Scholars: Cities need ‘resilience’

BY By Zhang Qingli | 09-01-2016
(Chinese Social Sciences Today)

Rainwater is drained away through the city walls built in Ming Dynasty in Nanjing after a rainstorm, which gives rise to the phenomenon known colloquially as the dragons spitting water.

 

The flooding in several cities in China after summer rainstorms has shown the public how weak modern cities can be in the face of the Mother Nature, which is why the phrase “resilient city research” has become a buzzword in urban planning in recent years. 


“In ecology, resilience refers to the ability of an ecosystem to regain a stable state after a disturbance,” said Huang Xiaojun, an associate professor from the College of Urban and Environmental Science at Northwest University in Shaanxi Province. Later, this concept was expanded to areas such as socioeconomic and urban-planning systems, he added.


The concept of a resilient city emphasizes a city’s ability to maintain its basic structure and function by absorbing and adapting to challenges posed by risks and uncertainties, Huang said. Traditional urban planning focused more on reducing the potential for disturbances, whereas resilient urban planning addresses changes head-on to develop new strategies and innovative systems. In this sense, a resilient city is one that knows how to learn, recover and create, Huang said.
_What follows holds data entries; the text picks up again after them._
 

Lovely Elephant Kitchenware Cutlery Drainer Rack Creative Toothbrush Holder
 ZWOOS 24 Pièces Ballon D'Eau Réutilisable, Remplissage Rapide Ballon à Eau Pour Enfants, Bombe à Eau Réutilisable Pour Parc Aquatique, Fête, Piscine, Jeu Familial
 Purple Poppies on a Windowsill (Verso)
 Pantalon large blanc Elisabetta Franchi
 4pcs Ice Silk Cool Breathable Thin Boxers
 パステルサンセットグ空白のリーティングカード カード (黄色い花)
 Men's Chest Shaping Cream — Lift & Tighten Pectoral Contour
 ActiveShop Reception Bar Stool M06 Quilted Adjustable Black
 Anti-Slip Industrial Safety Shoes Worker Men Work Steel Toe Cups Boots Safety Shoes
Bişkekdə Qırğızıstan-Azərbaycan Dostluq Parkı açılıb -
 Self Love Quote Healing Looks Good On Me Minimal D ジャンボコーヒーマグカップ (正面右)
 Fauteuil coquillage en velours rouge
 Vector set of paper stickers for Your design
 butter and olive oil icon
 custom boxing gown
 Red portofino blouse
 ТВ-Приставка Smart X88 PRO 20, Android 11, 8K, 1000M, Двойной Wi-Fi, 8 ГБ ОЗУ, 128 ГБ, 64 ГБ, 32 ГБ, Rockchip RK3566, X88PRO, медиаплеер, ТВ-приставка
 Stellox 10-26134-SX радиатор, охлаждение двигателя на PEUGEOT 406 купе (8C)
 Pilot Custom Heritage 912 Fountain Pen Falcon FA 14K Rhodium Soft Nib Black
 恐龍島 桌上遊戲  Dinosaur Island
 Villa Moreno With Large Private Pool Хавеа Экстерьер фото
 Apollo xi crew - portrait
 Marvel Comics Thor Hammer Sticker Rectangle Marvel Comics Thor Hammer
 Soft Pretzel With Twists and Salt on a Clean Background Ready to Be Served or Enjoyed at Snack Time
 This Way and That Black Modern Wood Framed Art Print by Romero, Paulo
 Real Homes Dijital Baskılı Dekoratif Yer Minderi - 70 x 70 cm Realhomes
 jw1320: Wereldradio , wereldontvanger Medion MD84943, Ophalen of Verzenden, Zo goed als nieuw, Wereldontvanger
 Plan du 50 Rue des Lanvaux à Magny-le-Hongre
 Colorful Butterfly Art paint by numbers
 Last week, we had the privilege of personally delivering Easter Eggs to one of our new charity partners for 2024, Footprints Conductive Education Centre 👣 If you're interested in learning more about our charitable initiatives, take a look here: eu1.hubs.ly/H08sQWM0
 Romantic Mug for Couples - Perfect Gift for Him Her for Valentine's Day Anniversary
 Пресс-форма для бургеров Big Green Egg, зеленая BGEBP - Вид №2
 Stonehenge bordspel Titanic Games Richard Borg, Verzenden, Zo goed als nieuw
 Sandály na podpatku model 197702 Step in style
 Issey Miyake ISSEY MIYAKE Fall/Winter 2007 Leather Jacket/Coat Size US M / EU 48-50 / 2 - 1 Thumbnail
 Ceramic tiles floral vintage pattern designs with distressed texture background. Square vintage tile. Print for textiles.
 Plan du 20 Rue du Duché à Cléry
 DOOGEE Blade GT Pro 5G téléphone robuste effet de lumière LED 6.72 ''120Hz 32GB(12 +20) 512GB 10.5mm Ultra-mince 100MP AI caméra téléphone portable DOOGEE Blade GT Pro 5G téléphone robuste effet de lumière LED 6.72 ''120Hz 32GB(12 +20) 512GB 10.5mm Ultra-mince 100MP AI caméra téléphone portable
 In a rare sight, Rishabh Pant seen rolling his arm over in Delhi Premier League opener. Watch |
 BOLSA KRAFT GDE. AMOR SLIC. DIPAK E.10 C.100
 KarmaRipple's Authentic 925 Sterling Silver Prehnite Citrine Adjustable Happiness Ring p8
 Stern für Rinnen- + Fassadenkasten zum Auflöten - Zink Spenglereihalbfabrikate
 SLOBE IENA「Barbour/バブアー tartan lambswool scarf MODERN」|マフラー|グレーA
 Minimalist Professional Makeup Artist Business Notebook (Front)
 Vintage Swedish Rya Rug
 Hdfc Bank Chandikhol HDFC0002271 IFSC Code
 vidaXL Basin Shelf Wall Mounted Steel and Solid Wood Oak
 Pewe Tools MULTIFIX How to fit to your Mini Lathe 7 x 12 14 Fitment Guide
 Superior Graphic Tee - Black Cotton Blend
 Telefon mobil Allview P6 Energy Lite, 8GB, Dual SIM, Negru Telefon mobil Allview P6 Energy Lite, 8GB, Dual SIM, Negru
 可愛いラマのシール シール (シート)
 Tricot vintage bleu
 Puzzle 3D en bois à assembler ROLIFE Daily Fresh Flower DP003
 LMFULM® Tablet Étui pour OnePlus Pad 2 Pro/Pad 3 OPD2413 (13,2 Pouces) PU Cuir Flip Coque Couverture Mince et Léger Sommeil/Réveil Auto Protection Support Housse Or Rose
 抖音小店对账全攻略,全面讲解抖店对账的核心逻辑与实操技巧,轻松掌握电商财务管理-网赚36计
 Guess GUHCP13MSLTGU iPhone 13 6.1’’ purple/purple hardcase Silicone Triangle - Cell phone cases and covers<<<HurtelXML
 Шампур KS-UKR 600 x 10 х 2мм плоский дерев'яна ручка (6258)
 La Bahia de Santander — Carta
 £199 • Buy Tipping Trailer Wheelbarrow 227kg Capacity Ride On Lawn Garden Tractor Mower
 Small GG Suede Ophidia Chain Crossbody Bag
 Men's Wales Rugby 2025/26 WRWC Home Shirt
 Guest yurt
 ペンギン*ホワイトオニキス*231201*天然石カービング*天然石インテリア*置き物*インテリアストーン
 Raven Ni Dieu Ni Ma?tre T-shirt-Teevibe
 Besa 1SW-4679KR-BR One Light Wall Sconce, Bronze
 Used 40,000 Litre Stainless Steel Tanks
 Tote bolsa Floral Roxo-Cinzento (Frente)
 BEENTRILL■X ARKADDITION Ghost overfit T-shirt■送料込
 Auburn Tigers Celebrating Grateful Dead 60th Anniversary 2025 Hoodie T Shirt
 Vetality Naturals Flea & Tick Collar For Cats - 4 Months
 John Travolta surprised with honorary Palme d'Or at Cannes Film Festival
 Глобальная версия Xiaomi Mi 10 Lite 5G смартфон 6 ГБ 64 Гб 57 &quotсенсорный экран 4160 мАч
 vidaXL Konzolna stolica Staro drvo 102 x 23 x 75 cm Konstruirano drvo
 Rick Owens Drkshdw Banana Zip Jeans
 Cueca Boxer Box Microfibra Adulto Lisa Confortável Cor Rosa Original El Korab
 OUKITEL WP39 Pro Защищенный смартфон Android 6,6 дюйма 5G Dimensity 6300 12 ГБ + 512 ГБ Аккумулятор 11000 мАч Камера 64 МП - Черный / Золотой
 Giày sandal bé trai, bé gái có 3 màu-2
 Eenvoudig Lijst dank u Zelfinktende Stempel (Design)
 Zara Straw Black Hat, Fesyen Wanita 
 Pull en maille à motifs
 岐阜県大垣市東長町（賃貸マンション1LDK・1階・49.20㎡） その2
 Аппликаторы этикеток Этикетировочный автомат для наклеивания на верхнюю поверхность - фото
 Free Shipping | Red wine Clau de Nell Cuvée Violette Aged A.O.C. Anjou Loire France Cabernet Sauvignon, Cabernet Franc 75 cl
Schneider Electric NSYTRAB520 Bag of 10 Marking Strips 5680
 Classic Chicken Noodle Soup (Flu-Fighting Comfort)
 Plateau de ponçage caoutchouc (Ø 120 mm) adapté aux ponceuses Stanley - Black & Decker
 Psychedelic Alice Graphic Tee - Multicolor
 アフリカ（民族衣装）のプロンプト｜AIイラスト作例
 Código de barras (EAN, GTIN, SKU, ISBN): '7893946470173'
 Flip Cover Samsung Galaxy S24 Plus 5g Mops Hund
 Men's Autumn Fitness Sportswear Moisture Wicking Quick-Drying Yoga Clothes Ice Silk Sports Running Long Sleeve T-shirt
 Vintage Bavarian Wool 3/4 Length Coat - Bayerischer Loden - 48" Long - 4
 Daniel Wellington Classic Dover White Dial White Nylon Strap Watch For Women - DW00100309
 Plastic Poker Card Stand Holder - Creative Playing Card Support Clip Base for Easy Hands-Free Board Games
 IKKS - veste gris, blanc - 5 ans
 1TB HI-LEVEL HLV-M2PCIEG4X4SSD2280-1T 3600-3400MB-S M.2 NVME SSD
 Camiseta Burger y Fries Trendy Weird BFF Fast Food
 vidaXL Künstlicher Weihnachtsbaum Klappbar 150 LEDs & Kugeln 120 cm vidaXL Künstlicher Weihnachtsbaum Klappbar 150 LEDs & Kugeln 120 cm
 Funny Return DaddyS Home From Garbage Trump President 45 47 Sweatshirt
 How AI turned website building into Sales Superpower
The resilient urban system describes the city as a sustainable network based on physical factors such as roads and buildings, and social factors in the human community, such as schools and enterprises, said Gu Chaolin, a professor from the School of Architecture at Tsinghua University. Therefore, many scholars have emphasized the combination of technological and social measures in reducing the impact of natural disasters on resilient cities, he added.
 

Huang said that China’s practice of “sponge cities” in urban planning is a special form of resilient urban planning. Sponge cities were designed to absorb and release rainwater like a sponge, in order to avoid floods, waterlogging, and droughts.
 

Unlike most foreign cities, China’s sprawling metropolises are home to large populations and are engaged in a constant process of industrialization and urbanization, which complicates the efforts at urban planning, Huang said. Therefore, China’s urban planning should be considered a long-term process, and constant evaluation, adjustment and innovation of the master strategy should be made.
 

Huang also suggested that resilient urban planning should focus on the weakest parts—physical and social—of the urban system. Urban planning should strengthen the capacity of different groups of people to adjust to shocks brought by natural uncertainties, he said. 

 

 

 

Zhang Qingli is a reporter at the Chinese Social Sciences Today.